◆ **Supplied records**
________________________________________

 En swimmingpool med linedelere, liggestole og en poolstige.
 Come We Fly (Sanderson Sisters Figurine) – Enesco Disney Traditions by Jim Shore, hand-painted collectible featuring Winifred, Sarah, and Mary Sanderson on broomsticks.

________________________________________

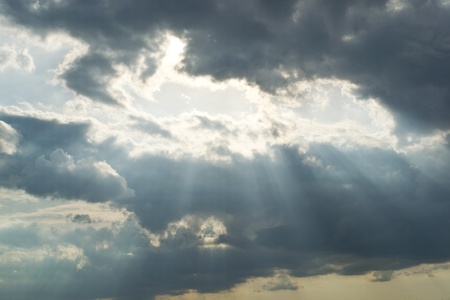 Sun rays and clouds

________________________________________

◆ **Your task**
Among the records above, only the lines between the line holding "En swimmingpool med" and the line holding "Come We Fly", inclusive, are to be output, exactly as written.

◆ **The completed task**
 En swimmingpool med linedelere, liggestole og en poolstige.
 Come We Fly (Sanderson Sisters Figurine) – Enesco Disney Traditions by Jim Shore, hand-painted collectible featuring Winifred, Sarah, and Mary Sanderson on broomsticks.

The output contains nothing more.